Cerebrotendinous xanthomatosis; Tendon swelling; Mental retardation
Cerebrotendinous Xanthomatosis (CBX) is a rare lipid storage disorder, characterized by the accumulation of fats in various areas of the body. The first description of the disease was in 1937 by Van Bogaert . This condition has autosomal-recessive transmission and is due to a mutation in the CYP27A1 gene . The CYP27A1 encodes an enzyme – sterol 27-hydroxylase - witch breaks down cholesterol to a specific bile acid called chenodeoxycholic acid. A mutation in the CYP27A1 gene leads to a deficient break down of certain lipids, mainly different forms of cholesterol. This leads to the formation of a molecule called cholestanol witch accumulates in different areas of the organism. Serum levels of cholesterol are normal, but the concentration is elevated in various tissues of the organism [2-5]. The incidence of CBX is estimated to be 3 to 5 per 100000 people worldwide .

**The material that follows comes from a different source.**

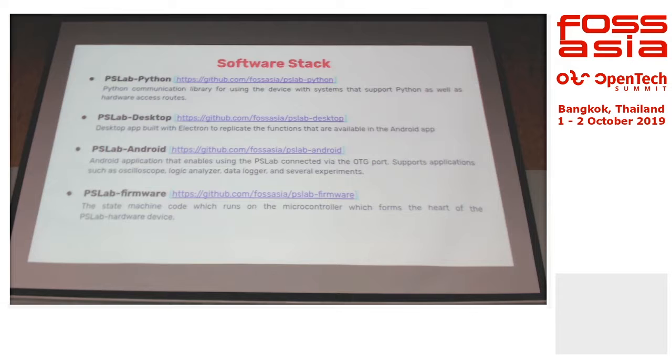These are some of the libraries we have. The Python library is a very basic one — it talks to the board through the terminal on Linux. Then we have desktop, Android, and firmware. All of these are open source. Even the schematic is also open source as well.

The criteria used for diagnosis include intractable diarrhea, presenile cataracts, tendinous xanthomas, and neurologic abnormalities [2-5]. The treatment of choice is with chenodeoxycholic acid, and if hypercholesterolemia is not controlled, with statins. This will slow, stop or even revers the symptoms of CTX .
We present the case of a 29 years old female, admitted for bilateral Achilles tendon painful swelling lasting for 6 month, loss of appetite, weight loss and memory disorders. From her medical history we noticed prolonged neonatal jaundice, surgery for bilateral cataract and chronic diarrhea during infancy.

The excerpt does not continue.